AIM OF THE EXERCISE =>
Transcribe every record exactly as it appears.

[LISTED ENTRIES Boundary: Start]

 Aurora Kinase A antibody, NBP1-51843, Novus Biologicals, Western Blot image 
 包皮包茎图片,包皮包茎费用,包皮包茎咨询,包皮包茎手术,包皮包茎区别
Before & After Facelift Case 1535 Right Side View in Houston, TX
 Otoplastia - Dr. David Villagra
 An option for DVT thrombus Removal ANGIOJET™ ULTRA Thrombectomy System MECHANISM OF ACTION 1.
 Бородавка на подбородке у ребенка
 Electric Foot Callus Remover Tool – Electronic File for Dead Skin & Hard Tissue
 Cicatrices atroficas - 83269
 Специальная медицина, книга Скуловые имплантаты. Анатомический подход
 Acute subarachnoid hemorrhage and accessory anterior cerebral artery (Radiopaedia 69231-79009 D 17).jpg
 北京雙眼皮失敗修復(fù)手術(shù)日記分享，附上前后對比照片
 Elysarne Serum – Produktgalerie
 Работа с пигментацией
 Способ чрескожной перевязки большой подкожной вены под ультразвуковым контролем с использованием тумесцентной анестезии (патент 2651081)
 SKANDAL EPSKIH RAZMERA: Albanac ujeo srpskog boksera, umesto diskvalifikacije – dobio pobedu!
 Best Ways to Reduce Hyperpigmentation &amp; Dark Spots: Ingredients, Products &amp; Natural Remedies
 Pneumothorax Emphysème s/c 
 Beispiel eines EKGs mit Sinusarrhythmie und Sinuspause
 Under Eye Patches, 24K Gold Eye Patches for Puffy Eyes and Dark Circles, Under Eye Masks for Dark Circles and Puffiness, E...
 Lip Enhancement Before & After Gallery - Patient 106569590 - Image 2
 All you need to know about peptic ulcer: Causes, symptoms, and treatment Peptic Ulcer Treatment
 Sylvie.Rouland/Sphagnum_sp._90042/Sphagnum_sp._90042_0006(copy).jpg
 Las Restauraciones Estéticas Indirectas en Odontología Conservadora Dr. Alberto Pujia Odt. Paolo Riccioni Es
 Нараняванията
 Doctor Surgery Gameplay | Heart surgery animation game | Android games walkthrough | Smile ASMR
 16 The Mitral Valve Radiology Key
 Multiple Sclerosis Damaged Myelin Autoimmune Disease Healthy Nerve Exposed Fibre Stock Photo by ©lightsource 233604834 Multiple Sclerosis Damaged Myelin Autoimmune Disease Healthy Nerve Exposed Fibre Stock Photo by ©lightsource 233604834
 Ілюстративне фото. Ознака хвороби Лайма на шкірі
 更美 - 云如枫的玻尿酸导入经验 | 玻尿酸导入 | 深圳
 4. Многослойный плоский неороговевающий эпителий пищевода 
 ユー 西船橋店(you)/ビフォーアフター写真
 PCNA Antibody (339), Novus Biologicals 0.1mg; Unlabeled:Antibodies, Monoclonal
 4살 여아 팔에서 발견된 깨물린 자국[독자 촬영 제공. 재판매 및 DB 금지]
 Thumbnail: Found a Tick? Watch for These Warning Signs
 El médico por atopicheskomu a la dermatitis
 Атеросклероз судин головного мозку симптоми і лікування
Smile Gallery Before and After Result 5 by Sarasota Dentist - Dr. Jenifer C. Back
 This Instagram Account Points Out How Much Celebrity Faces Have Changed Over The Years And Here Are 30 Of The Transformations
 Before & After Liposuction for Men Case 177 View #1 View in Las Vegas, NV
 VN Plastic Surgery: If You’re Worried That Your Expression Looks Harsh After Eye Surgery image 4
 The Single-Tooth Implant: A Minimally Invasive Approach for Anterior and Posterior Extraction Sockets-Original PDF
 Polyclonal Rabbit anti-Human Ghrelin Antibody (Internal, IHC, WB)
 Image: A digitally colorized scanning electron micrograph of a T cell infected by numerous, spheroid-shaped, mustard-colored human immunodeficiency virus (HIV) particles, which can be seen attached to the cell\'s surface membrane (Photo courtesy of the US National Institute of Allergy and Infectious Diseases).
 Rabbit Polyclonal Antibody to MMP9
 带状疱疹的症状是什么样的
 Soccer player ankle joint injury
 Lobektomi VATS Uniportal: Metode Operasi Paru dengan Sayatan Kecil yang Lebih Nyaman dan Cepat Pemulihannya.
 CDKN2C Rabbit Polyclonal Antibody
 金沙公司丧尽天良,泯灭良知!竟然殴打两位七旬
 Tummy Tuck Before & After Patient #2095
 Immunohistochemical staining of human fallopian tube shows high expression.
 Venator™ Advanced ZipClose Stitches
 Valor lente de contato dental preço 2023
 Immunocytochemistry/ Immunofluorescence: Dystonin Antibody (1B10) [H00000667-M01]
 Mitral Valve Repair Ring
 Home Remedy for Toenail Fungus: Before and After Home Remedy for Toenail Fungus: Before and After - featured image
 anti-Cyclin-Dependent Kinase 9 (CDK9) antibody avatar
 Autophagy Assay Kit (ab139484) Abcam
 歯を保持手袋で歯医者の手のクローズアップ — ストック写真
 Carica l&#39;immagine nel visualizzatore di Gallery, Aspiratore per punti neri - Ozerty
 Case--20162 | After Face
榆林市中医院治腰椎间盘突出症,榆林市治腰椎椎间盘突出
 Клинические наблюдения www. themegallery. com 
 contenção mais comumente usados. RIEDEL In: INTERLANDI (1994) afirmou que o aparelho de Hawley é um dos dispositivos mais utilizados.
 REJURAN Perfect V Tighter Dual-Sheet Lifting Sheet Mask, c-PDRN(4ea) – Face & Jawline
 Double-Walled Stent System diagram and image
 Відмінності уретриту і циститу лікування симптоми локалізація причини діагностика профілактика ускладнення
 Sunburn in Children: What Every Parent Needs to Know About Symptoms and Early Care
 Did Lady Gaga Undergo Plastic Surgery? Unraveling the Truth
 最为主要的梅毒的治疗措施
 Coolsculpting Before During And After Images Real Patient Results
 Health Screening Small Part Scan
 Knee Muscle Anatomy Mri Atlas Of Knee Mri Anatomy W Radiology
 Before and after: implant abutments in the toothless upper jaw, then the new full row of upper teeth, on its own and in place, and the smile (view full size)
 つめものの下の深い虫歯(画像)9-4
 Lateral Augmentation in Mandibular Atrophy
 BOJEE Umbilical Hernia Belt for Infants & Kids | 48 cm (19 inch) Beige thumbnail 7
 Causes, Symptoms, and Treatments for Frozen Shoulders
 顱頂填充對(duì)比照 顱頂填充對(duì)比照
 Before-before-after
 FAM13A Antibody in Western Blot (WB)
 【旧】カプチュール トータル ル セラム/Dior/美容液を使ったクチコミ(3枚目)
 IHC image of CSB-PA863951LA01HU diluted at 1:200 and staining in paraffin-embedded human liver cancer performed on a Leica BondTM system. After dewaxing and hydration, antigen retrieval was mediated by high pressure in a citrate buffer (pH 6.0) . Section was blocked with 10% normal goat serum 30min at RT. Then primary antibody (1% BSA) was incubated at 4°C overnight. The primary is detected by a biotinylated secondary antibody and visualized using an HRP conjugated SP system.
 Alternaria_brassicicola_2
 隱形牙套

[LISTED ENTRIES Boundary: End]

TASK ANSWER =>
 Aurora Kinase A antibody, NBP1-51843, Novus Biologicals, Western Blot image 
 包皮包茎图片,包皮包茎费用,包皮包茎咨询,包皮包茎手术,包皮包茎区别
Before & After Facelift Case 1535 Right Side View in Houston, TX
 Otoplastia - Dr. David Villagra
 An option for DVT thrombus Removal ANGIOJET™ ULTRA Thrombectomy System MECHANISM OF ACTION 1.
 Бородавка на подбородке у ребенка
 Electric Foot Callus Remover Tool – Electronic File for Dead Skin & Hard Tissue
 Cicatrices atroficas - 83269
 Специальная медицина, книга Скуловые имплантаты. Анатомический подход
 Acute subarachnoid hemorrhage and accessory anterior cerebral artery (Radiopaedia 69231-79009 D 17).jpg
 北京雙眼皮失敗修復(fù)手術(shù)日記分享，附上前后對比照片
 Elysarne Serum – Produktgalerie
 Работа с пигментацией
 Способ чрескожной перевязки большой подкожной вены под ультразвуковым контролем с использованием тумесцентной анестезии (патент 2651081)
 SKANDAL EPSKIH RAZMERA: Albanac ujeo srpskog boksera, umesto diskvalifikacije – dobio pobedu!
 Best Ways to Reduce Hyperpigmentation &amp; Dark Spots: Ingredients, Products &amp; Natural Remedies
 Pneumothorax Emphysème s/c 
 Beispiel eines EKGs mit Sinusarrhythmie und Sinuspause
 Under Eye Patches, 24K Gold Eye Patches for Puffy Eyes and Dark Circles, Under Eye Masks for Dark Circles and Puffiness, E...
 Lip Enhancement Before & After Gallery - Patient 106569590 - Image 2
 All you need to know about peptic ulcer: Causes, symptoms, and treatment Peptic Ulcer Treatment
 Sylvie.Rouland/Sphagnum_sp._90042/Sphagnum_sp._90042_0006(copy).jpg
 Las Restauraciones Estéticas Indirectas en Odontología Conservadora Dr. Alberto Pujia Odt. Paolo Riccioni Es
 Нараняванията
 Doctor Surgery Gameplay | Heart surgery animation game | Android games walkthrough | Smile ASMR
 16 The Mitral Valve Radiology Key
 Multiple Sclerosis Damaged Myelin Autoimmune Disease Healthy Nerve Exposed Fibre Stock Photo by ©lightsource 233604834 Multiple Sclerosis Damaged Myelin Autoimmune Disease Healthy Nerve Exposed Fibre Stock Photo by ©lightsource 233604834
 Ілюстративне фото. Ознака хвороби Лайма на шкірі
 更美 - 云如枫的玻尿酸导入经验 | 玻尿酸导入 | 深圳
 4. Многослойный плоский неороговевающий эпителий пищевода 
 ユー 西船橋店(you)/ビフォーアフター写真
 PCNA Antibody (339), Novus Biologicals 0.1mg; Unlabeled:Antibodies, Monoclonal
 4살 여아 팔에서 발견된 깨물린 자국[독자 촬영 제공. 재판매 및 DB 금지]
 Thumbnail: Found a Tick? Watch for These Warning Signs
 El médico por atopicheskomu a la dermatitis
 Атеросклероз судин головного мозку симптоми і лікування
Smile Gallery Before and After Result 5 by Sarasota Dentist - Dr. Jenifer C. Back
 This Instagram Account Points Out How Much Celebrity Faces Have Changed Over The Years And Here Are 30 Of The Transformations
 Before & After Liposuction for Men Case 177 View #1 View in Las Vegas, NV
 VN Plastic Surgery: If You’re Worried That Your Expression Looks Harsh After Eye Surgery image 4
 The Single-Tooth Implant: A Minimally Invasive Approach for Anterior and Posterior Extraction Sockets-Original PDF
 Polyclonal Rabbit anti-Human Ghrelin Antibody (Internal, IHC, WB)
 Image: A digitally colorized scanning electron micrograph of a T cell infected by numerous, spheroid-shaped, mustard-colored human immunodeficiency virus (HIV) particles, which can be seen attached to the cell\'s surface membrane (Photo courtesy of the US National Institute of Allergy and Infectious Diseases).
 Rabbit Polyclonal Antibody to MMP9
 带状疱疹的症状是什么样的
 Soccer player ankle joint injury
 Lobektomi VATS Uniportal: Metode Operasi Paru dengan Sayatan Kecil yang Lebih Nyaman dan Cepat Pemulihannya.
 CDKN2C Rabbit Polyclonal Antibody
 金沙公司丧尽天良,泯灭良知!竟然殴打两位七旬
 Tummy Tuck Before & After Patient #2095
 Immunohistochemical staining of human fallopian tube shows high expression.
 Venator™ Advanced ZipClose Stitches
 Valor lente de contato dental preço 2023
 Immunocytochemistry/ Immunofluorescence: Dystonin Antibody (1B10) [H00000667-M01]
 Mitral Valve Repair Ring
 Home Remedy for Toenail Fungus: Before and After Home Remedy for Toenail Fungus: Before and After - featured image
 anti-Cyclin-Dependent Kinase 9 (CDK9) antibody avatar
 Autophagy Assay Kit (ab139484) Abcam
 歯を保持手袋で歯医者の手のクローズアップ — ストック写真
 Carica l&#39;immagine nel visualizzatore di Gallery, Aspiratore per punti neri - Ozerty
 Case--20162 | After Face
榆林市中医院治腰椎间盘突出症,榆林市治腰椎椎间盘突出
 Клинические наблюдения www. themegallery. com 
 contenção mais comumente usados. RIEDEL In: INTERLANDI (1994) afirmou que o aparelho de Hawley é um dos dispositivos mais utilizados.
 REJURAN Perfect V Tighter Dual-Sheet Lifting Sheet Mask, c-PDRN(4ea) – Face & Jawline
 Double-Walled Stent System diagram and image
 Відмінності уретриту і циститу лікування симптоми локалізація причини діагностика профілактика ускладнення
 Sunburn in Children: What Every Parent Needs to Know About Symptoms and Early Care
 Did Lady Gaga Undergo Plastic Surgery? Unraveling the Truth
 最为主要的梅毒的治疗措施
 Coolsculpting Before During And After Images Real Patient Results
 Health Screening Small Part Scan
 Knee Muscle Anatomy Mri Atlas Of Knee Mri Anatomy W Radiology
 Before and after: implant abutments in the toothless upper jaw, then the new full row of upper teeth, on its own and in place, and the smile (view full size)
 つめものの下の深い虫歯(画像)9-4
 Lateral Augmentation in Mandibular Atrophy
 BOJEE Umbilical Hernia Belt for Infants & Kids | 48 cm (19 inch) Beige thumbnail 7
 Causes, Symptoms, and Treatments for Frozen Shoulders
 顱頂填充對(duì)比照 顱頂填充對(duì)比照
 Before-before-after
 FAM13A Antibody in Western Blot (WB)
 【旧】カプチュール トータル ル セラム/Dior/美容液を使ったクチコミ(3枚目)
 IHC image of CSB-PA863951LA01HU diluted at 1:200 and staining in paraffin-embedded human liver cancer performed on a Leica BondTM system. After dewaxing and hydration, antigen retrieval was mediated by high pressure in a citrate buffer (pH 6.0) . Section was blocked with 10% normal goat serum 30min at RT. Then primary antibody (1% BSA) was incubated at 4°C overnight. The primary is detected by a biotinylated secondary antibody and visualized using an HRP conjugated SP system.
 Alternaria_brassicicola_2
 隱形牙套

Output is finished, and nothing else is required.